"Curt Davis" was also a pseudonym used by Jack Kirby.
Curtis Benton Davis (September 7, 1903 – October 12, 1965) was a Major League Baseball pitcher. On October 2, 1933 he was drafted by the Philadelphia Phillies from the Pacific Coast League San Francisco Seals in the 1933 rule V draft. He played for the Phillies (1934–36), Chicago Cubs (1935–37), St. Louis Cardinals (1938–40), and Brooklyn Dodgers (1940–46). The right-hander was a native of Greenfield, Missouri.
Even though Davis didn't pitch in the major leagues until he was 30, he still managed to have a 13-season National League career. He had quite a list of accomplishments, including winning 19 games as a rookie, 22 wins in 1939, eleven double-digit victory seasons, twice a N.L. All-Star, and pitching in the 1941 World Series. He had incredible control, leading the league in BB/9IP in 1938 and 1941, and finishing in the TOP TEN in that category ten times.

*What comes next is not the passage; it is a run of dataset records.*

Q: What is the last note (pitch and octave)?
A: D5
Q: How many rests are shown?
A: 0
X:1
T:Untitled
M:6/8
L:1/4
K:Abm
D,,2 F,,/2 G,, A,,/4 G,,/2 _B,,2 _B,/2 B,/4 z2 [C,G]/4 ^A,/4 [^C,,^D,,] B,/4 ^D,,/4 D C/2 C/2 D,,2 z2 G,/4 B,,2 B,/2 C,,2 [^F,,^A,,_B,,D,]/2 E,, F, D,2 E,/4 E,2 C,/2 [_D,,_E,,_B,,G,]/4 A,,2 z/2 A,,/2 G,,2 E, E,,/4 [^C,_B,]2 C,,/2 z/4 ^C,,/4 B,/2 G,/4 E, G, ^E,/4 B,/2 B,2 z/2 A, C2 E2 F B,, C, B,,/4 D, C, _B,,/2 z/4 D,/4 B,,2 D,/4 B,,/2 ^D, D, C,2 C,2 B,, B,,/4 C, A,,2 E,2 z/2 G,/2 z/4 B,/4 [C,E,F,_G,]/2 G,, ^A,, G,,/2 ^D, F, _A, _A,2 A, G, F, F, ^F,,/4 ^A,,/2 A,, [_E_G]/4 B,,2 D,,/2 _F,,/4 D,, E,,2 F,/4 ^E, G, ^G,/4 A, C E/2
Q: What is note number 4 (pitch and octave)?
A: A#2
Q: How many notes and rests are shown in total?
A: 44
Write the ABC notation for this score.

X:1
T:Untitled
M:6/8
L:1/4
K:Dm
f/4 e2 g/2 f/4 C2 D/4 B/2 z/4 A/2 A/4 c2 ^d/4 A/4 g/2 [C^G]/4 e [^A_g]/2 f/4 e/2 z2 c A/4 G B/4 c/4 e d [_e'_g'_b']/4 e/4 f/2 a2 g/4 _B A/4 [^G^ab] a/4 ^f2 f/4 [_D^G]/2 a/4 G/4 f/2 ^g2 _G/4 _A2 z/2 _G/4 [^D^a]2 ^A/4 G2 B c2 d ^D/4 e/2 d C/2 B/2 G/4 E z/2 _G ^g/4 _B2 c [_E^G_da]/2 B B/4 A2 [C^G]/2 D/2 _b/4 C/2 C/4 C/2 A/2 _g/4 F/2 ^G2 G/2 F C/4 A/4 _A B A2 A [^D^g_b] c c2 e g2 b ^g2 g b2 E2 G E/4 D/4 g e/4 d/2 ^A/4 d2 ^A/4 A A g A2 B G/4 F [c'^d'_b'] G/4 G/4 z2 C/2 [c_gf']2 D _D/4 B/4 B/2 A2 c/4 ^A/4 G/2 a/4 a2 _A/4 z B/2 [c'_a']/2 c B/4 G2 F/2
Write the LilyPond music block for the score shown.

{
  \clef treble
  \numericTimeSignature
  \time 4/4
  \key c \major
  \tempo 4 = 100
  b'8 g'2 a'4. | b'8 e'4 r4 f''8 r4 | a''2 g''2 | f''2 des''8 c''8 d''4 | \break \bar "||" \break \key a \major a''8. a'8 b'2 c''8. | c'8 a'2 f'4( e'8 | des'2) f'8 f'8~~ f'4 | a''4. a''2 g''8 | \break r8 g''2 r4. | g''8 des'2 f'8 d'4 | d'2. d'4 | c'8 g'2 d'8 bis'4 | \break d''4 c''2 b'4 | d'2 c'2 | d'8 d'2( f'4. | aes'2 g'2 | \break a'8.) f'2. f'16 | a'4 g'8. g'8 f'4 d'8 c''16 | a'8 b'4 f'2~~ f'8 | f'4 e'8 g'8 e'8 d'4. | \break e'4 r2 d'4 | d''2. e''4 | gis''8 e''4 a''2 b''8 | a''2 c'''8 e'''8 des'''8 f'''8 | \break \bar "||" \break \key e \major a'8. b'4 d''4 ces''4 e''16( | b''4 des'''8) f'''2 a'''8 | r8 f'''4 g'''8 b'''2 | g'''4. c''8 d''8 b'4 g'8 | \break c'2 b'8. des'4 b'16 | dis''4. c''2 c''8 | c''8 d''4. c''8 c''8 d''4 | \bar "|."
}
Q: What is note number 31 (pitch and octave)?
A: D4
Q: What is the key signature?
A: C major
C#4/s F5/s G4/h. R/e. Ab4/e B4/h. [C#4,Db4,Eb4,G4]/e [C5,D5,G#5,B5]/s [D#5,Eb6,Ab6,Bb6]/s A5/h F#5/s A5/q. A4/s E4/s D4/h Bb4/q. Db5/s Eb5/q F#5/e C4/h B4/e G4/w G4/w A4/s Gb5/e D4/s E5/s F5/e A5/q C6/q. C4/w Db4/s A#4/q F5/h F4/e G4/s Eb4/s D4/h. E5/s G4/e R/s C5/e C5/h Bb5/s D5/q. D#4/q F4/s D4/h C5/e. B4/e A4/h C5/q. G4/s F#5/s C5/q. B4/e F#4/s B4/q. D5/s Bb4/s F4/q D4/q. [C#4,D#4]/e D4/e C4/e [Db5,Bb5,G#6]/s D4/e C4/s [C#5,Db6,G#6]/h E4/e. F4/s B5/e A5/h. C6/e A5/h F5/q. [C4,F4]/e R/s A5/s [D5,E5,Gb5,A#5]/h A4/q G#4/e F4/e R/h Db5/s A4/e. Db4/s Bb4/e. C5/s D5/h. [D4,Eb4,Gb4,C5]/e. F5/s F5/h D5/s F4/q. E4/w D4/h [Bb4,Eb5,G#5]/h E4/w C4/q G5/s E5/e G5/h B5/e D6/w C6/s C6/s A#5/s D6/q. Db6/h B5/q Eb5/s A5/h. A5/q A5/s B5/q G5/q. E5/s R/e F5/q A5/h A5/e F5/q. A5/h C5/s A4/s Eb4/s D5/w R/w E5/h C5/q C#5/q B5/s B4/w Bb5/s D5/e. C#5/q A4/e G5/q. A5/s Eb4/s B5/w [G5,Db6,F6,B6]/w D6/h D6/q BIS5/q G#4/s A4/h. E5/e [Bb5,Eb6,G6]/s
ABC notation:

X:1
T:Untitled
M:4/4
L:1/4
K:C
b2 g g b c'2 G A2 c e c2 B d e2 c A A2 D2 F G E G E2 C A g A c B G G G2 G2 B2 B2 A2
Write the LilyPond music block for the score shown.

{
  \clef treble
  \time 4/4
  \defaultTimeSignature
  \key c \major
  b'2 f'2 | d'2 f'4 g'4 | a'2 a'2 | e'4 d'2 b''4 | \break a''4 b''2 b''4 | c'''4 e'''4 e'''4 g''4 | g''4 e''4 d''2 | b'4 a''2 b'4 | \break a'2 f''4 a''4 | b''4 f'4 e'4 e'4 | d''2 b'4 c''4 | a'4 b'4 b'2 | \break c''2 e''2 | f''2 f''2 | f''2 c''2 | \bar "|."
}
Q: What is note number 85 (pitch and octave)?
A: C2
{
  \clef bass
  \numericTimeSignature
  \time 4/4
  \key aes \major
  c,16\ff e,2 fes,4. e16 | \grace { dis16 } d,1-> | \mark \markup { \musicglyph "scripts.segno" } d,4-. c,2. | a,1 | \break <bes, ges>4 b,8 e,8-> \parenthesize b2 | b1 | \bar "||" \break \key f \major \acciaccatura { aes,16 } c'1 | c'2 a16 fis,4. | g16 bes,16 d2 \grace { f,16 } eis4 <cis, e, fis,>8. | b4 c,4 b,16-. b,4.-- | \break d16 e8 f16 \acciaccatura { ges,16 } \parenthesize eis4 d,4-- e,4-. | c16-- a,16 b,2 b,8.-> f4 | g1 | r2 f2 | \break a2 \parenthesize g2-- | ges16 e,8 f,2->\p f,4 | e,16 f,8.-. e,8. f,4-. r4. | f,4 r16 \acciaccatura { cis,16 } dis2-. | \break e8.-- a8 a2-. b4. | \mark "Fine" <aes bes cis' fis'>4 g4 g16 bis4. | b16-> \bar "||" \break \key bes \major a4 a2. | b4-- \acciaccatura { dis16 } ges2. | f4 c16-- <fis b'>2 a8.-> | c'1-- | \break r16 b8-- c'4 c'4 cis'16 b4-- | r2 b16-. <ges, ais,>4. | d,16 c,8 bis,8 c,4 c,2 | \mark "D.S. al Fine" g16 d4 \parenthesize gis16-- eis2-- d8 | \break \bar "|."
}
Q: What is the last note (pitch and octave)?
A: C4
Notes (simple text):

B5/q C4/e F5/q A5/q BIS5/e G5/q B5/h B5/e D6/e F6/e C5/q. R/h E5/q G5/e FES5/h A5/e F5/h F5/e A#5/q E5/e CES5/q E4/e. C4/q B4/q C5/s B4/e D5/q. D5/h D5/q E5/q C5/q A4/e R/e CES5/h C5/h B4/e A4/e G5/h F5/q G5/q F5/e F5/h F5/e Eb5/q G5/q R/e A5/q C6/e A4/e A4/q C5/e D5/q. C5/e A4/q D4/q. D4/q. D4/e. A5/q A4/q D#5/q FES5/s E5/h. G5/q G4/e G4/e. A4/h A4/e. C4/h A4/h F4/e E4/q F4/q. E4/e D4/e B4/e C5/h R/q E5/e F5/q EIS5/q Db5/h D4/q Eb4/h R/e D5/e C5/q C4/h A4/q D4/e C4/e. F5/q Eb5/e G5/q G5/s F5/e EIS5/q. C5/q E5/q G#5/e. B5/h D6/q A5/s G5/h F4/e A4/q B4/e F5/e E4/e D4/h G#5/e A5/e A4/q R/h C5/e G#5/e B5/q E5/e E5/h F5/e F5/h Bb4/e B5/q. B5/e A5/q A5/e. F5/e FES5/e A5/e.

Other top ten rankings for Davis include wins (4 times), winning percentage (4 times), ERA (4 times), H/9IP (3 times), WHIP (5 times), shutouts (5 times), saves (5 times), games finished (1 time), and oldest player (5 times).
Career totals for 429 games pitched include a 158–131 record, 281 games started, 141 complete games, 24 shutouts, 111 games finished, 33 saves, and an ERA of 3.42 in 2325 innings pitched.
After pitching one game in the 1946 season (April 28), he was released by Brooklyn three days later.
Davis died at the age of 62 in Covina, California.